- **WHAT THE TASK ASKS**:
One part of the entries below is wanted: the lines from the one containing "Traktor Fiat 580 DT" through the one containing "संवाददाता सम्‍मेलन में अभ‍िषेक और उसकी माता". Write those out exactly and nothing else.

- **RECORDS TO PROCESS**:
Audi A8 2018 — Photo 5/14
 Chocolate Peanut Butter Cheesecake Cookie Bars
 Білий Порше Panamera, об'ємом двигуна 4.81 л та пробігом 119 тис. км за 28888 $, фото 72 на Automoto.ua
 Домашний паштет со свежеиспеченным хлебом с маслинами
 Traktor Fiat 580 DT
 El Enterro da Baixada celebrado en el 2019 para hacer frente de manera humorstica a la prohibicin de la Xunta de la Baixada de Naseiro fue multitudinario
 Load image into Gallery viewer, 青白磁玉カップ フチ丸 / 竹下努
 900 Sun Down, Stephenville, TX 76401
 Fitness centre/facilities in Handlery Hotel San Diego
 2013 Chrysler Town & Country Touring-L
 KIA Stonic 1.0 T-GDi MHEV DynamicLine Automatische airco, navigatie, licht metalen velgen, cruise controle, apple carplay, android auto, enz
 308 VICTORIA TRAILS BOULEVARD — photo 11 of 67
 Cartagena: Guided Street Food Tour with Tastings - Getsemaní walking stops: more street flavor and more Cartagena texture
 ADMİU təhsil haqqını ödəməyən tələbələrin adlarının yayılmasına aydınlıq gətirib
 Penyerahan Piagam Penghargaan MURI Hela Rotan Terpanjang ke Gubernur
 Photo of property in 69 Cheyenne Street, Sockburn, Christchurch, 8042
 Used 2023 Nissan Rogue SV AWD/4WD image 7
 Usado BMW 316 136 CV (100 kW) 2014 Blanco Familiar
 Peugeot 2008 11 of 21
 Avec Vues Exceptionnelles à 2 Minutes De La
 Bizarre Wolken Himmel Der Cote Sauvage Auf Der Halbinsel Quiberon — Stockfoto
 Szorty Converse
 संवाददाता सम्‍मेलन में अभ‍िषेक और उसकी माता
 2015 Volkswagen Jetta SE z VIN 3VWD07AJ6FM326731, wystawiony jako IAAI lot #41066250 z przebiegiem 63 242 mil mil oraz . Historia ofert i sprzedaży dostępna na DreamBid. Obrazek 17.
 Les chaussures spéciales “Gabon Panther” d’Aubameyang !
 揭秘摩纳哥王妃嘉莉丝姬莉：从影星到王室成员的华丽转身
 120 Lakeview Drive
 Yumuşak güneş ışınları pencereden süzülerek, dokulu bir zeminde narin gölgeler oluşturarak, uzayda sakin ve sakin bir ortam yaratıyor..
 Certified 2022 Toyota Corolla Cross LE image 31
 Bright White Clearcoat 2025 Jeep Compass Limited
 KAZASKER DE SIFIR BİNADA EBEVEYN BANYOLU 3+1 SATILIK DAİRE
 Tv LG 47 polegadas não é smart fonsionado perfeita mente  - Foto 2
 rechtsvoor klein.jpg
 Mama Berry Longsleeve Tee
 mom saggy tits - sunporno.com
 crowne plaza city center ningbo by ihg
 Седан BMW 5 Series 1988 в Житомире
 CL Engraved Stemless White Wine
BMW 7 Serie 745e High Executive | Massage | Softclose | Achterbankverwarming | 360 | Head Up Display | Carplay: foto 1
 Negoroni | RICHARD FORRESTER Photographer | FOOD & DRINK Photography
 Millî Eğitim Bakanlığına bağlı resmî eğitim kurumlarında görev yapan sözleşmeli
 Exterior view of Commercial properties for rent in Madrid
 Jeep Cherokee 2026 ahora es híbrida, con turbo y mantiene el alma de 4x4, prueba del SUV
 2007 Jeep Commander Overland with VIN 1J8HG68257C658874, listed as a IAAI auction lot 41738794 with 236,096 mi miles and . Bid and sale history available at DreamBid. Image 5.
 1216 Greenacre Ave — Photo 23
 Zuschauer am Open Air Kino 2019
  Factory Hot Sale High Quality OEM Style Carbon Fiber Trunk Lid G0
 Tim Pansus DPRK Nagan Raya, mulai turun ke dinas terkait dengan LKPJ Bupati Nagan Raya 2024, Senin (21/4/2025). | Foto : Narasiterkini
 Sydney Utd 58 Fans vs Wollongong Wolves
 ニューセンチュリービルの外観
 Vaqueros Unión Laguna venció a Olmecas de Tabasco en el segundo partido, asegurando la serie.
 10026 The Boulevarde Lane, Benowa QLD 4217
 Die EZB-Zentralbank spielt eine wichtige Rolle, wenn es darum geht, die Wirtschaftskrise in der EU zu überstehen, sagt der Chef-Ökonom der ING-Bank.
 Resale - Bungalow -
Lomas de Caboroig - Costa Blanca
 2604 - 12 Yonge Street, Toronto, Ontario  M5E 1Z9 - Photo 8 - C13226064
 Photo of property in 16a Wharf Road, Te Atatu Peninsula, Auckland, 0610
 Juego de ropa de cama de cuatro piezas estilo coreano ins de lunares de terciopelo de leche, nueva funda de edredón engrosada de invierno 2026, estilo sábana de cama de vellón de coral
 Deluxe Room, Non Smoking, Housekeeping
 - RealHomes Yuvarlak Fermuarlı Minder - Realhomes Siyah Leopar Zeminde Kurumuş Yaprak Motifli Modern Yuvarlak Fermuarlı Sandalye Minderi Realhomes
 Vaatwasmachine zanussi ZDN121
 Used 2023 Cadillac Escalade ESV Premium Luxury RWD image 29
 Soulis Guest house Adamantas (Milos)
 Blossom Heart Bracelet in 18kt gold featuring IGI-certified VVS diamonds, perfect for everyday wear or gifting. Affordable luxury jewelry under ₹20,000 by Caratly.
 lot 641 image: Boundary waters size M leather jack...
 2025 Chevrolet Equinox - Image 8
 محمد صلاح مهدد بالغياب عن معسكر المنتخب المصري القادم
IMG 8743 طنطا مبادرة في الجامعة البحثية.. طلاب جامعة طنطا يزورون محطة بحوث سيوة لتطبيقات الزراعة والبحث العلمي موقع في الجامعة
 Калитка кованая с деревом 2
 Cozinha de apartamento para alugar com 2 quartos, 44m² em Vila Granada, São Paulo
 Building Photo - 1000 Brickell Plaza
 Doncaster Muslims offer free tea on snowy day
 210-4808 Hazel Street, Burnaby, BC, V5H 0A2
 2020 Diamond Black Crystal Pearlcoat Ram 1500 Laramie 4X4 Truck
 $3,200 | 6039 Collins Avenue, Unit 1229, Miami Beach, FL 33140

- **EXPECTED OUTPUT**:
 Traktor Fiat 580 DT
 El Enterro da Baixada celebrado en el 2019 para hacer frente de manera humorstica a la prohibicin de la Xunta de la Baixada de Naseiro fue multitudinario
 Load image into Gallery viewer, 青白磁玉カップ フチ丸 / 竹下努
 900 Sun Down, Stephenville, TX 76401
 Fitness centre/facilities in Handlery Hotel San Diego
 2013 Chrysler Town & Country Touring-L
 KIA Stonic 1.0 T-GDi MHEV DynamicLine Automatische airco, navigatie, licht metalen velgen, cruise controle, apple carplay, android auto, enz
 308 VICTORIA TRAILS BOULEVARD — photo 11 of 67
 Cartagena: Guided Street Food Tour with Tastings - Getsemaní walking stops: more street flavor and more Cartagena texture
 ADMİU təhsil haqqını ödəməyən tələbələrin adlarının yayılmasına aydınlıq gətirib
 Penyerahan Piagam Penghargaan MURI Hela Rotan Terpanjang ke Gubernur
 Photo of property in 69 Cheyenne Street, Sockburn, Christchurch, 8042
 Used 2023 Nissan Rogue SV AWD/4WD image 7
 Usado BMW 316 136 CV (100 kW) 2014 Blanco Familiar
 Peugeot 2008 11 of 21
 Avec Vues Exceptionnelles à 2 Minutes De La
 Bizarre Wolken Himmel Der Cote Sauvage Auf Der Halbinsel Quiberon — Stockfoto
 Szorty Converse
 संवाददाता सम्‍मेलन में अभ‍िषेक और उसकी माता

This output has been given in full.